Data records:
-=-=-=-=-

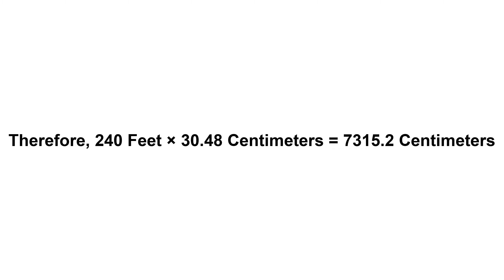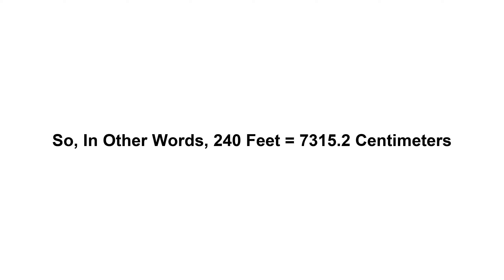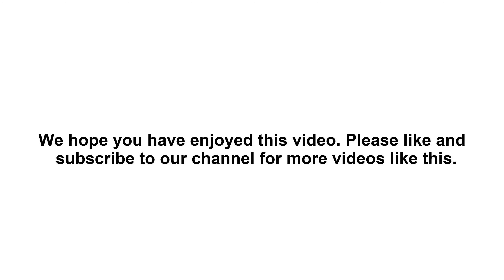Equals 7315.2 centimeters. So in other words, 240 feet equals 7315.2 centimeters. We hope you have enjoyed this video. Please like and subscribe to our channel for more videos like this.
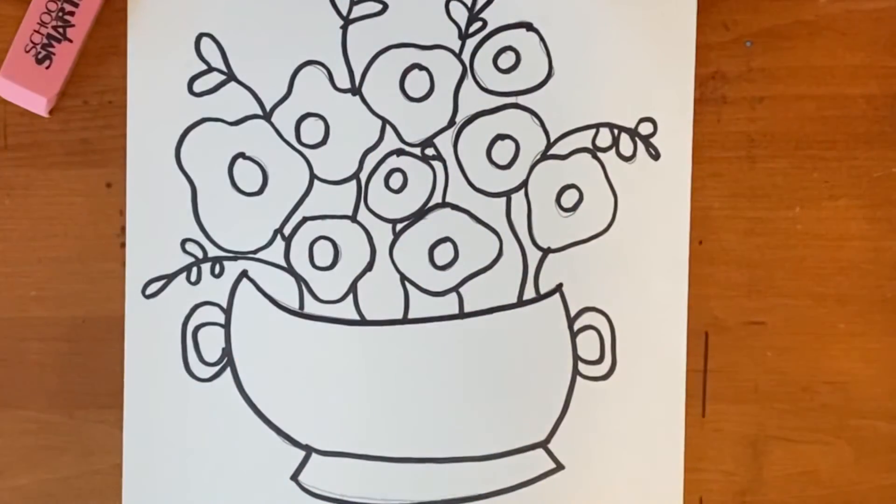All right, now that I have everything outlined, I'm going to go in and erase any leftover pencil marks.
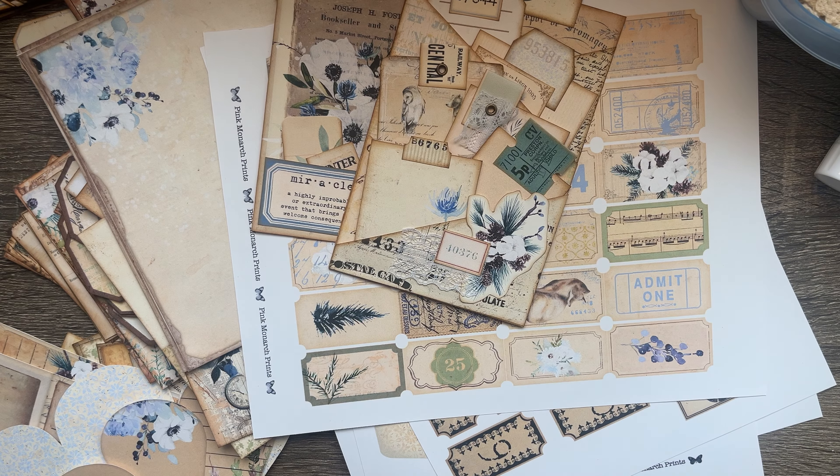Finally, some items I haven't cut out yet: a circle pocket, two pages of envelopes — just mini coin envelopes that are really cute. There's also number tags that can be used as pockets or just ephemera. And my absolute favorites are these mini tickets — they are beautiful, they're stunning, and I am so excited to get to use all of these.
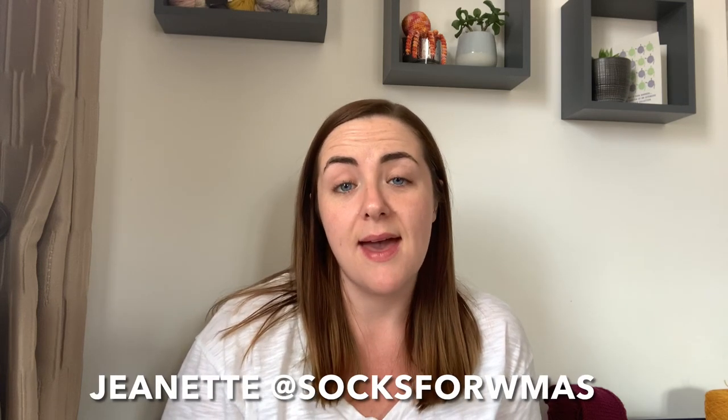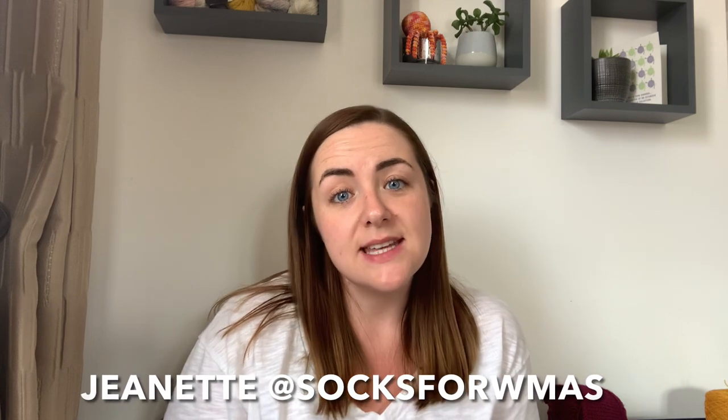Today this video is all about a knit-along that I am going to be co-hosting with one of my viewers. Her name is Jeanette — over on Instagram her name is Socks4WMAS. We have been chatting in the comments of my podcast episode and then over on Instagram, and it came to my attention that she is planning to knit or hand-crank 500 pairs of socks for her local ambulance service in time for Christmas, which I think is just amazing.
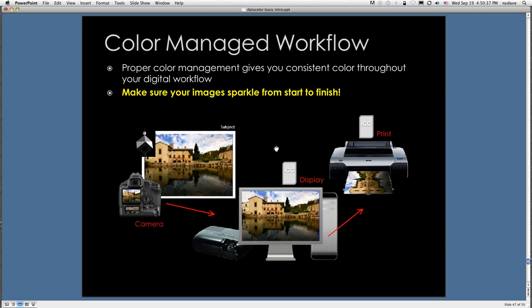Your color-managed workflow really has three steps: from camera to display to print. Once you get these devices in line and it's part of your routine, it turns from something that seems like a pain in the neck to something that's really seamless, flows smoothly, and gets you much better results. It really helps make sure your images sparkle from start to finish. It's a little bit of effort at the beginning, but once you get it locked down, it's really not bad at all.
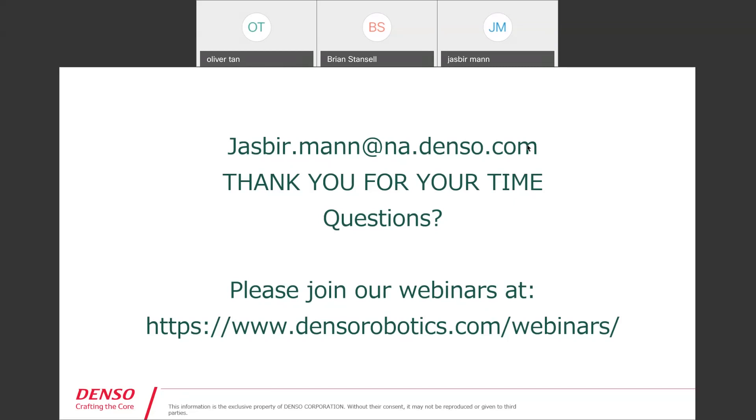Looks like there are no more questions. Thanks again for joining — Jasper will send a follow-up email with the recorded link so you can review it on your own time and share it with anyone interested. Please register for tomorrow's webinar and check middle of next week for updated June webinars. At the end of this webinar, please fill out our quick 15-second survey — just tell us which robot you're interested in and what topics you'd like to hear about in future webinars. Thanks again Jasper, appreciate everybody's time and we'll be following up soon.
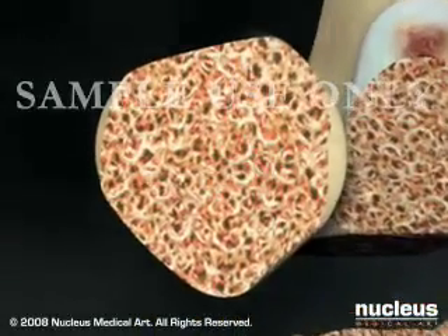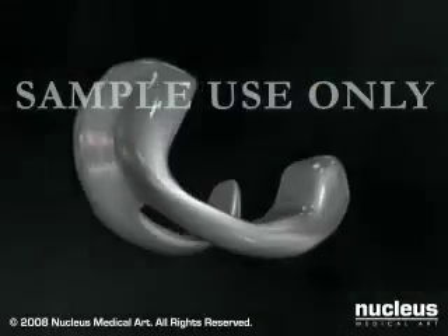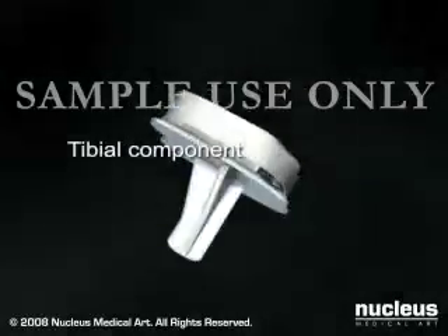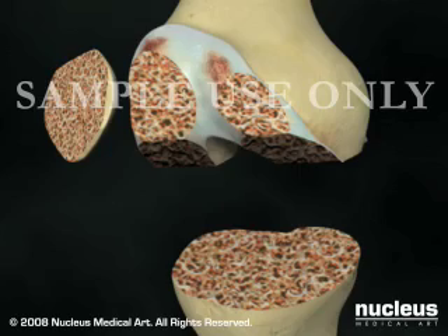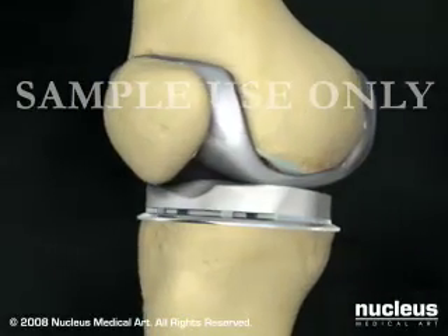Your surgeon will then prepare the remaining bone to receive your new prosthetic knee. This generally consists of a femoral, a tibial, and a patellar component. Once the ends of the bones are prepared, your surgeon will cement the new prostheses into position.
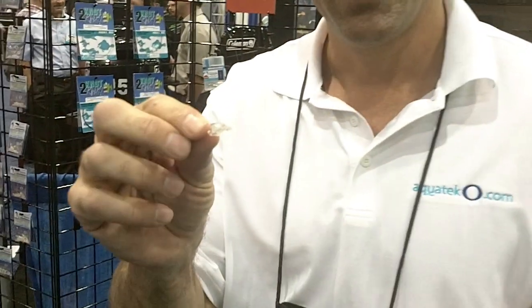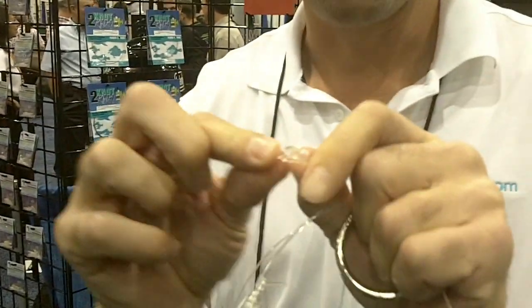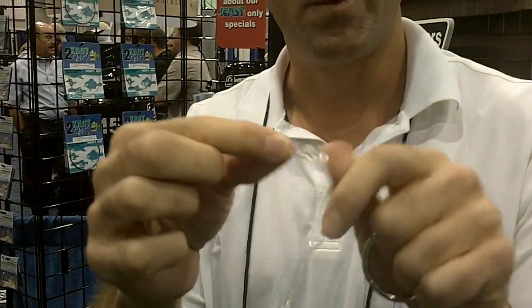We have a fluorocarbon swivel — never been done before. Clear fluorocarbon, invisible in water. You can bend it 180 degrees, it goes right back, and spins freely.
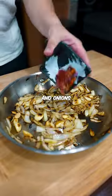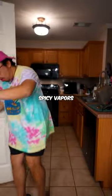Just char up a bunch of garlic and onions, throw in dry chilies, and inhale those spicy vapors.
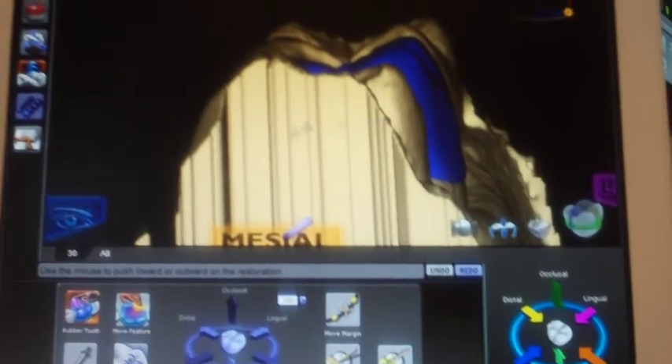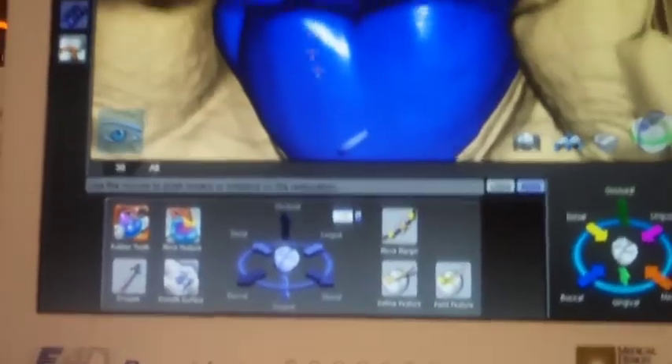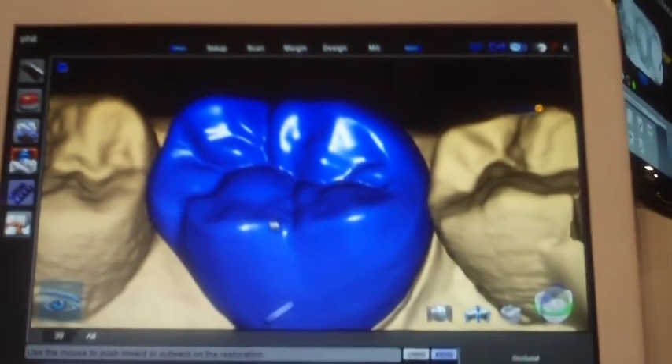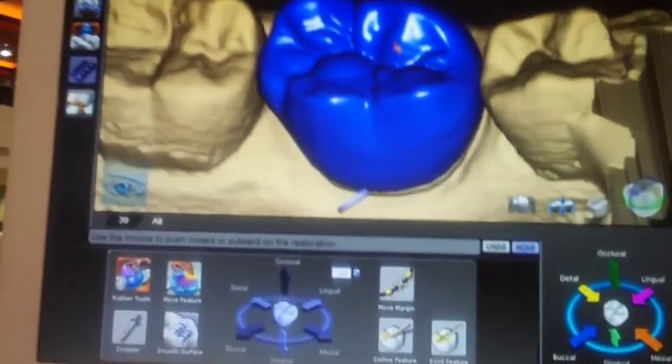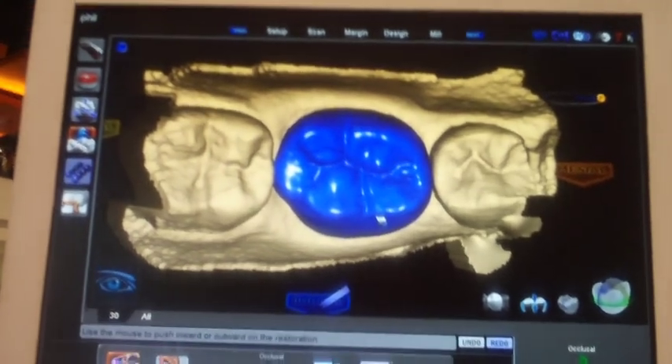So at some point we've taken an impression of the bite registration. I'll show you in an example after — I normally have a bite to put on here to scan it. I'll show you in an example how it actually works, because that's important — that's how you get your occlusal contacts. So let's say we're happy with this restoration.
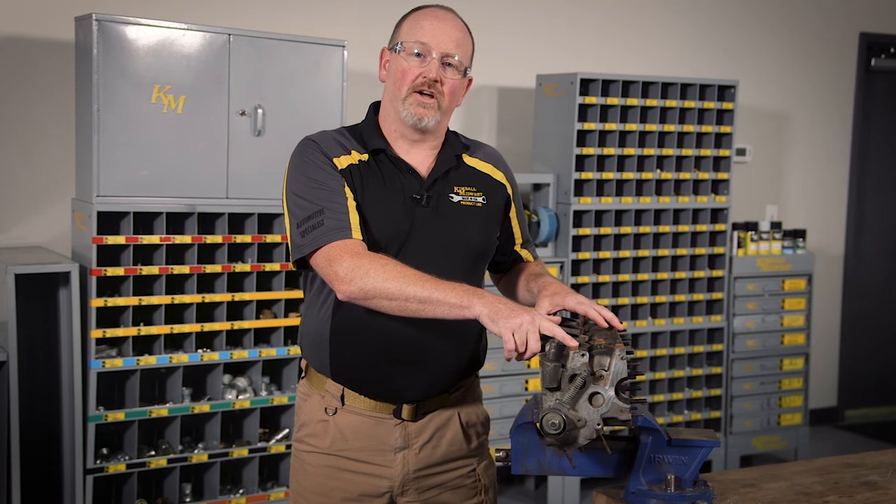Hi, I'm Rob with Kimball Midwest and I'm here to help you with one of the most annoying problems a maintenance person can face: a rusty stuck fastener.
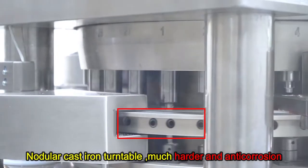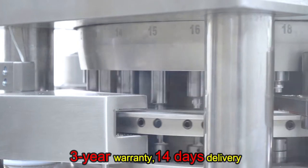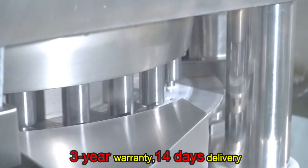Nodular cast iron turntable — much harder and anti-corrosion. 3-year warranty, 14 days delivery.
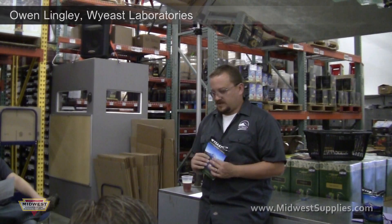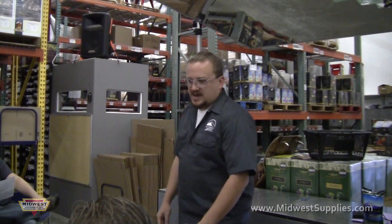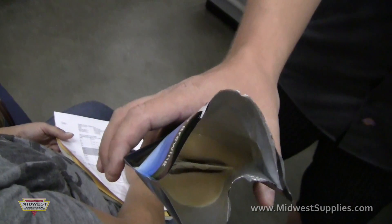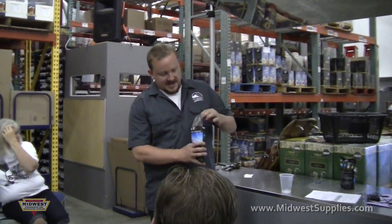So this is our activator pack. Inside you have your little nutrient pack. You have 95 mils of yeast on the outside and 35 mils of nutrient on the inside — there's a bag inside a bag.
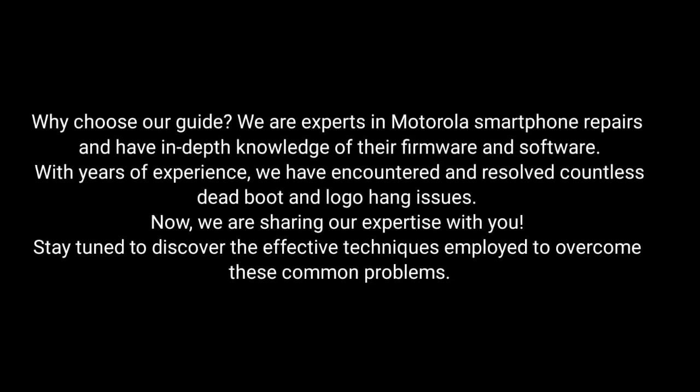Why choose our guide? We are experts in Motorola smartphone repairs and have in-depth knowledge of their firmware and software. With years of experience, we have encountered and resolved countless dead boot and logo hang issues. Now we are sharing our expertise with you. Stay tuned to discover the effective techniques employed to overcome these common problems.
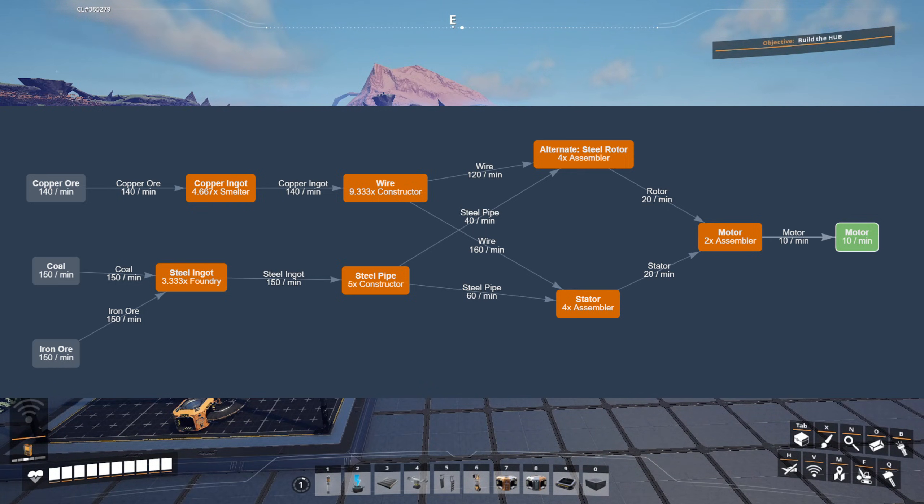Here's a flowchart using those alternate recipes to make 10 motors. Pretty convenient numbers we're working with, because both the rotors, the stators, and the motors are made in multiples of five. With the steel pipes, 40 go to rotors and 60 go to stators — that would use the 2-fifths and 3-fifths split that I made a video for a couple weeks ago. The wire, however, is 120 and 160 — this would be our 3-sevenths and 4-sevenths split.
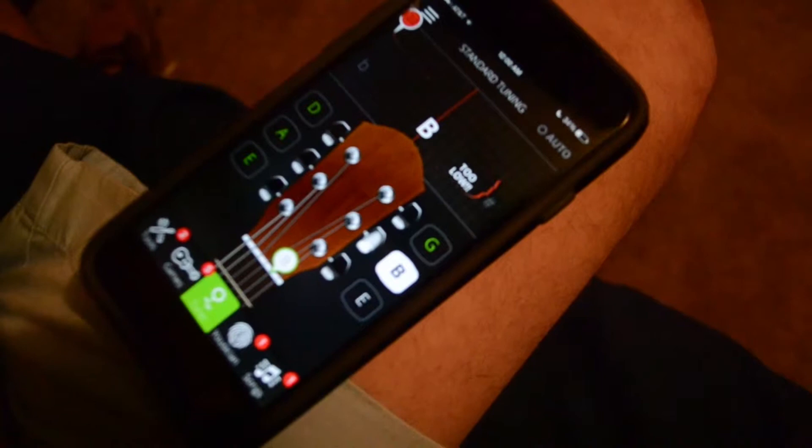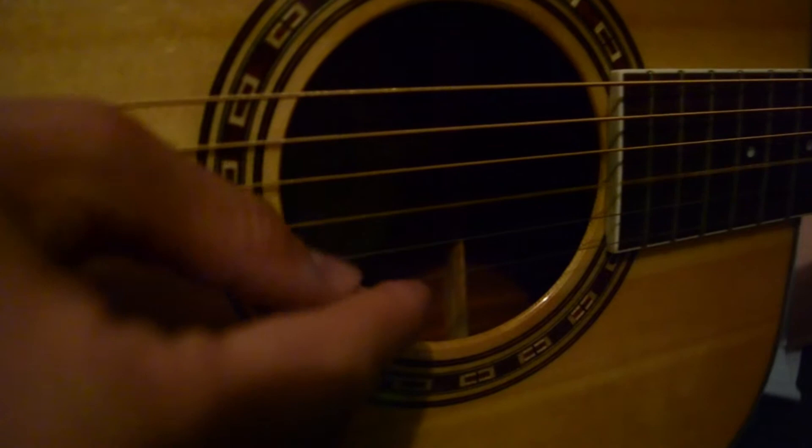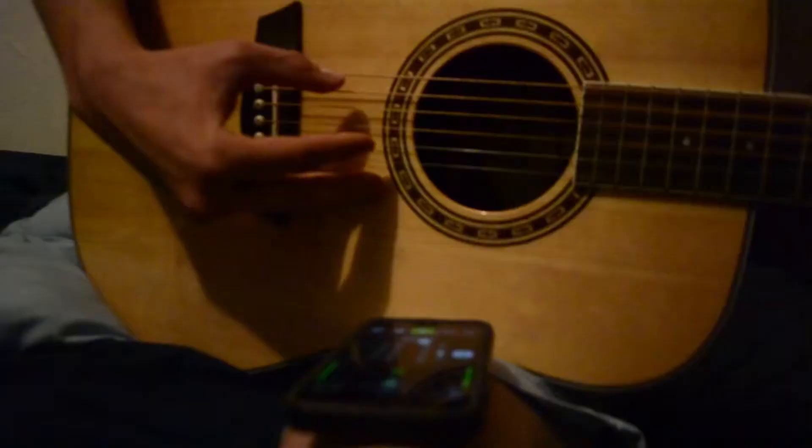A good tuner usually only takes about a minute, a minute 30 seconds — just depends really. If you don't have a tuner it can take a little bit longer before you get to get the ear of the chords and the strings, but I just use a free tuner on my phone called Guitar Tuna — it's pretty nice.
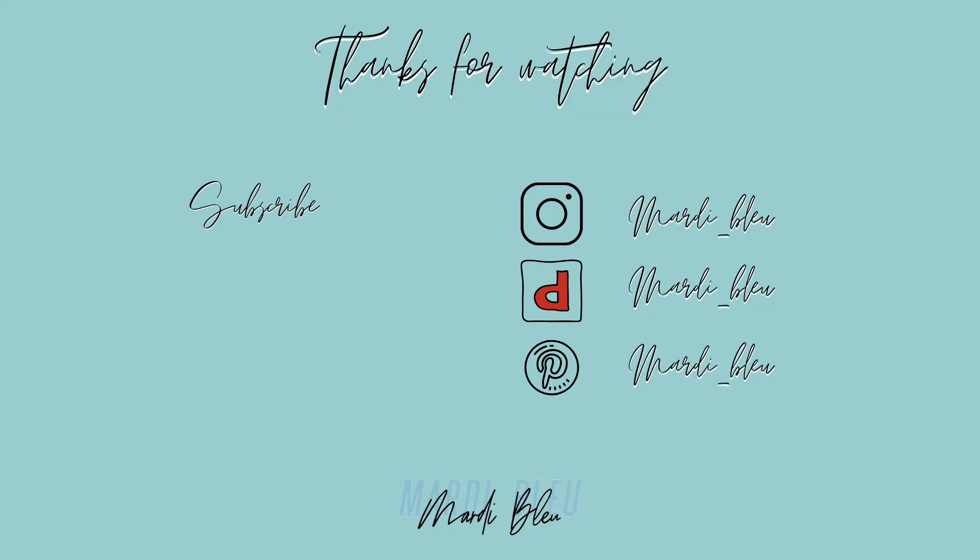All right, that's it. Thanks for watching. I hope you enjoyed. If you like this video, give it a thumbs up, comment down below, and don't forget to subscribe to my channel. Thanks!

-=-=-=-=-

## [Task to complete]
Return every line above exactly, omitting images.

## [Task result]
Equals 7315.2 centimeters. So in other words, 240 feet equals 7315.2 centimeters. We hope you have enjoyed this video. Please like and subscribe to our channel for more videos like this.
All right, now that I have everything outlined, I'm going to go in and erase any leftover pencil marks.
Finally, some items I haven't cut out yet: a circle pocket, two pages of envelopes — just mini coin envelopes that are really cute. There's also number tags that can be used as pockets or just ephemera. And my absolute favorites are these mini tickets — they are beautiful, they're stunning, and I am so excited to get to use all of these.
Today this video is all about a knit-along that I am going to be co-hosting with one of my viewers. Her name is Jeanette — over on Instagram her name is Socks4WMAS. We have been chatting in the comments of my podcast episode and then over on Instagram, and it came to my attention that she is planning to knit or hand-crank 500 pairs of socks for her local ambulance service in time for Christmas, which I think is just amazing.
Your color-managed workflow really has three steps: from camera to display to print. Once you get these devices in line and it's part of your routine, it turns from something that seems like a pain in the neck to something that's really seamless, flows smoothly, and gets you much better results. It really helps make sure your images sparkle from start to finish. It's a little bit of effort at the beginning, but once you get it locked down, it's really not bad at all.
Looks like there are no more questions. Thanks again for joining — Jasper will send a follow-up email with the recorded link so you can review it on your own time and share it with anyone interested. Please register for tomorrow's webinar and check middle of next week for updated June webinars. At the end of this webinar, please fill out our quick 15-second survey — just tell us which robot you're interested in and what topics you'd like to hear about in future webinars. Thanks again Jasper, appreciate everybody's time and we'll be following up soon.
Your surgeon will then prepare the remaining bone to receive your new prosthetic knee. This generally consists of a femoral, a tibial, and a patellar component. Once the ends of the bones are prepared, your surgeon will cement the new prostheses into position.
We have a fluorocarbon swivel — never been done before. Clear fluorocarbon, invisible in water. You can bend it 180 degrees, it goes right back, and spins freely.
Just char up a bunch of garlic and onions, throw in dry chilies, and inhale those spicy vapors.
So at some point we've taken an impression of the bite registration. I'll show you in an example after — I normally have a bite to put on here to scan it. I'll show you in an example how it actually works, because that's important — that's how you get your occlusal contacts. So let's say we're happy with this restoration.
Hi, I'm Rob with Kimball Midwest and I'm here to help you with one of the most annoying problems a maintenance person can face: a rusty stuck fastener.
Nodular cast iron turntable — much harder and anti-corrosion. 3-year warranty, 14 days delivery.
So this is our activator pack. Inside you have your little nutrient pack. You have 95 mils of yeast on the outside and 35 mils of nutrient on the inside — there's a bag inside a bag.
Why choose our guide? We are experts in Motorola smartphone repairs and have in-depth knowledge of their firmware and software. With years of experience, we have encountered and resolved countless dead boot and logo hang issues. Now we are sharing our expertise with you. Stay tuned to discover the effective techniques employed to overcome these common problems.
Here's a flowchart using those alternate recipes to make 10 motors. Pretty convenient numbers we're working with, because both the rotors, the stators, and the motors are made in multiples of five. With the steel pipes, 40 go to rotors and 60 go to stators — that would use the 2-fifths and 3-fifths split that I made a video for a couple weeks ago. The wire, however, is 120 and 160 — this would be our 3-sevenths and 4-sevenths split.
A good tuner usually only takes about a minute, a minute 30 seconds — just depends really. If you don't have a tuner it can take a little bit longer before you get to get the ear of the chords and the strings, but I just use a free tuner on my phone called Guitar Tuna — it's pretty nice.
All right, that's it. Thanks for watching. I hope you enjoyed. If you like this video, give it a thumbs up, comment down below, and don't forget to subscribe to my channel. Thanks!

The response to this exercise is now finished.